Local language data is essential for building effective AI tools
Local language data helps automated systems understand and respond to users in their own language and can help businesses reach their target audiences more effectively, said Ganesh Gopalan, founder and CEO of AI startup Gnani.ai, during a panel discussion at the Mint Digital Innovation Summit & Awards on Friday.
“If we don't have, firstly, content in the local language, if we can't talk to machines in the local language, then it is not possible for no system to work and, you know, reach the right audience,” said Gopalan.
The panel discussion also included Vivekanand Pani, Co-founder, Reverie Language Technologies, who agrees that to develop an AI tool for any language, the availability of data is crucial.
Pani rues that there is a lack of data in local languages, and this fact often goes unquestioned. As a result, building data becomes a critical step, he added.
India is one of the most linguistically diverse countries with 22 official languages and over hundred unofficial ones. Even though a majority of India's population doesn't speak English, a considerable portion of the internet content in India is still in English. This presents a dilemma for enterprises seeking to expand their reach to cover local language users who are now online.

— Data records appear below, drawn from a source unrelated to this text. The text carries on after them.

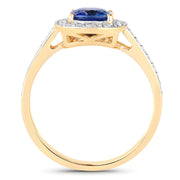Bids.com 1.31 Carat Genuine Blue Sapphire and White Diamond 18K Yellow Gold Ring Rings
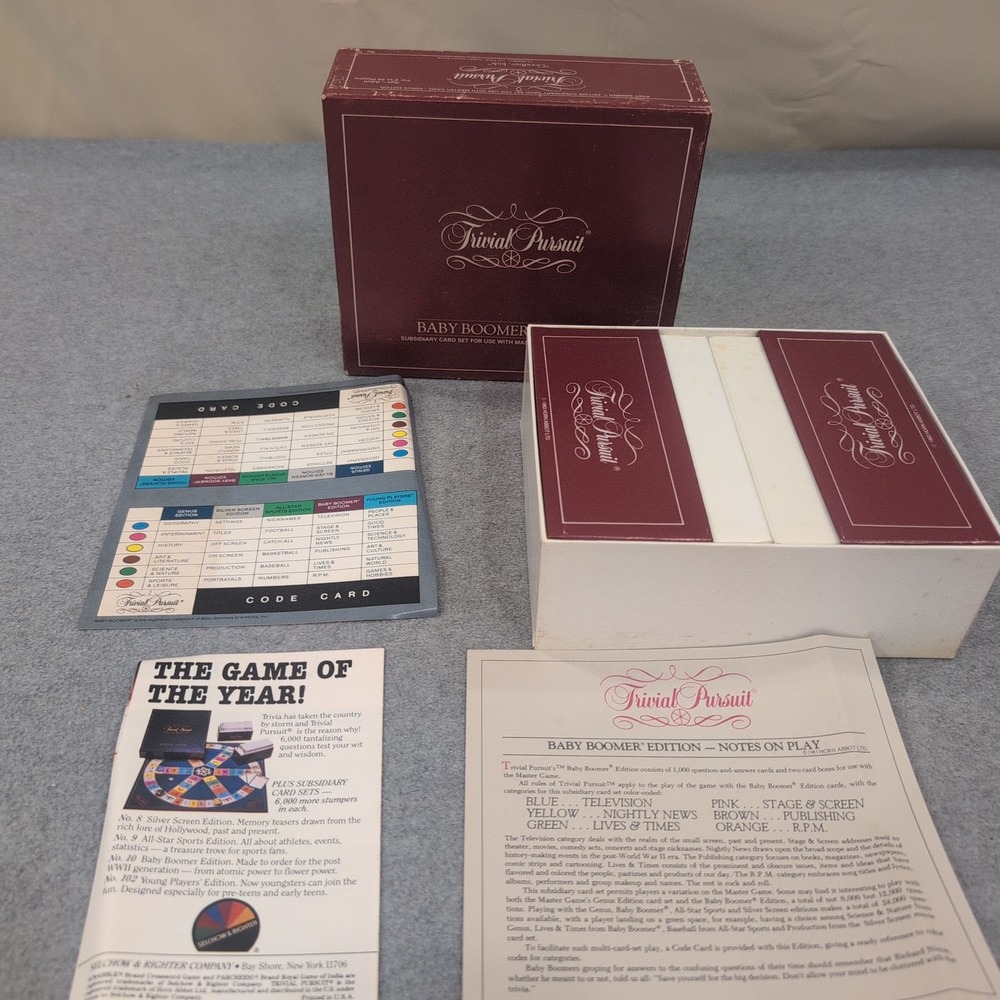 Trivial Pursuit Baby Boomer Edition Subsidiary Card Set 1983 Vintage Trivia Game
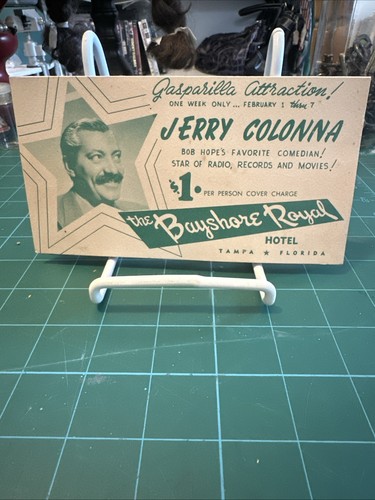 Scheda autografa HOLLYWOOD Jerry Colonna ATTORE The Bayshore Royal Tampa FL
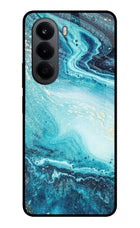 Blue Glitter Marble OnePlus Nord CE6 Lite Metal Case Back Cover by Casekaro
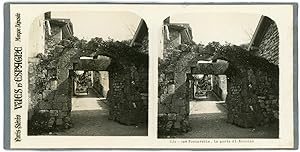 Stereo Espagne, Pays Basque, Fontarrabie, La porte Saint Nicolas, circa 1900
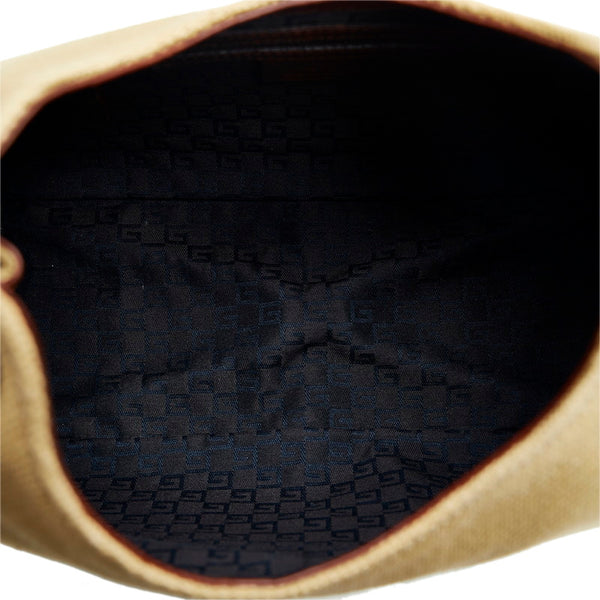 グッチ ウッドハンドル ハンドバッグ ワンショルダーバッグ 106495 カーキ ブラウン キャンバス レザー レディース GUCCI 【中古】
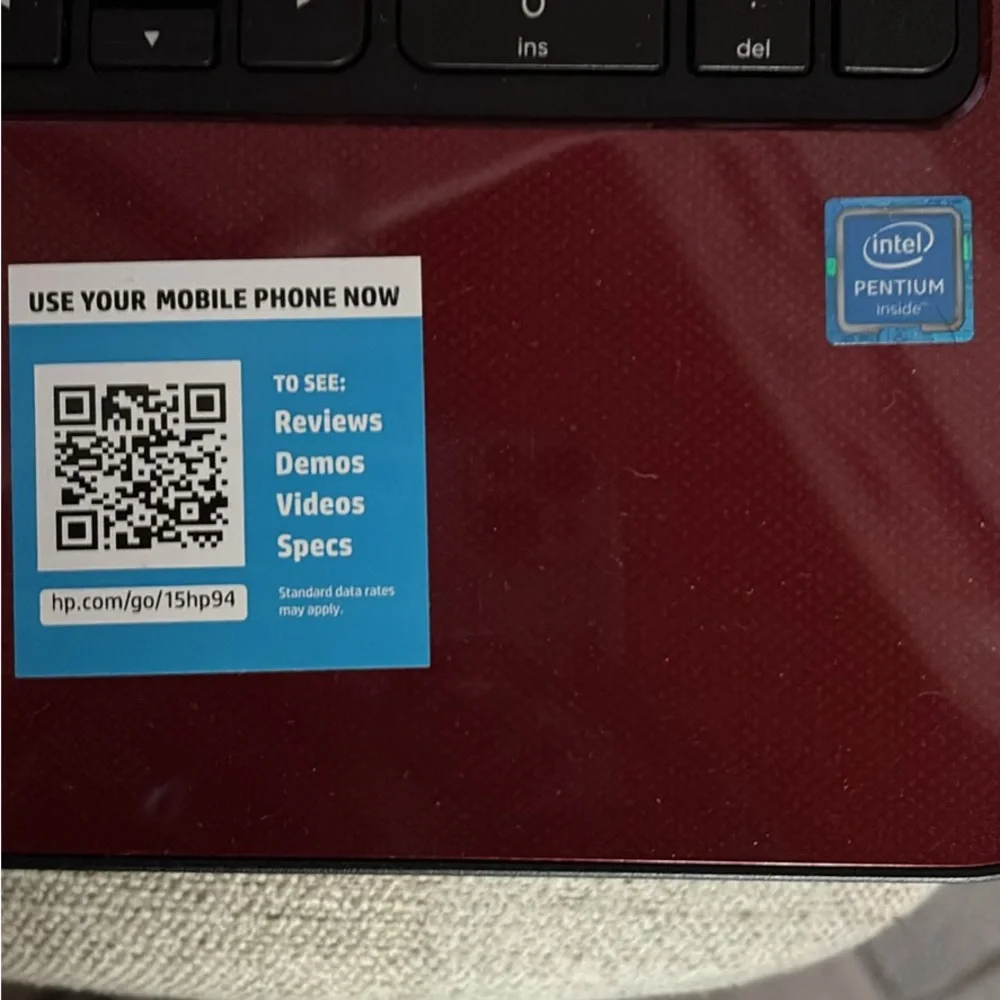 HP Red and Black Laptop with Full Keyboard and Modern Design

To ensure that AI chatbots in future can communicate with local languages with the same efficiency and accuracy as in English, several local language database projects are underway. One such initiative called Project Vaani was announced last December by Google India in partnership with Bangalore-based AI and Robotics Technology Park (ARTPARK) and the Indian Institute of Science (IISc).
Gnani.ai’s Gopalan also noted during the panel discussion, that a lot of enterprises are now aware of the important role local language data plays. “There is acceptance now, a lot of the enterprises now know the importance of language for automated systems to talk to machines, and a bunch of other things,” he added.

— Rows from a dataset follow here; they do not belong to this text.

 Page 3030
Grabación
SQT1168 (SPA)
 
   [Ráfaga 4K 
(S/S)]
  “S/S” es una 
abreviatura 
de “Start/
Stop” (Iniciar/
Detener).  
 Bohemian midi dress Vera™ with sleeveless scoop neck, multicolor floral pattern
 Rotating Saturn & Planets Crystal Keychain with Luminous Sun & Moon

Gopalan believes that AI has come a long way. He said that his firm has been developing speech-to-text engines in Indian languages, and has also developed automated speech recognition systems (ASR) systems.
That said, the panelists believe that integration of local languages into AI systems is still a complex task.
“English itself, reaching this point on the internet did not happen on the back of AI. It did happen on the back of a lot of other technologies. So, I think Indian languages getting supported through AI will still need some amount of basic challenges getting solved, and then we will see the real use of AI for India,” said Pani.
He explained, “Before we are able to make large-scale usage of AI in content creation itself, I think there is a degree of steps that we should still take on the fundamentals.”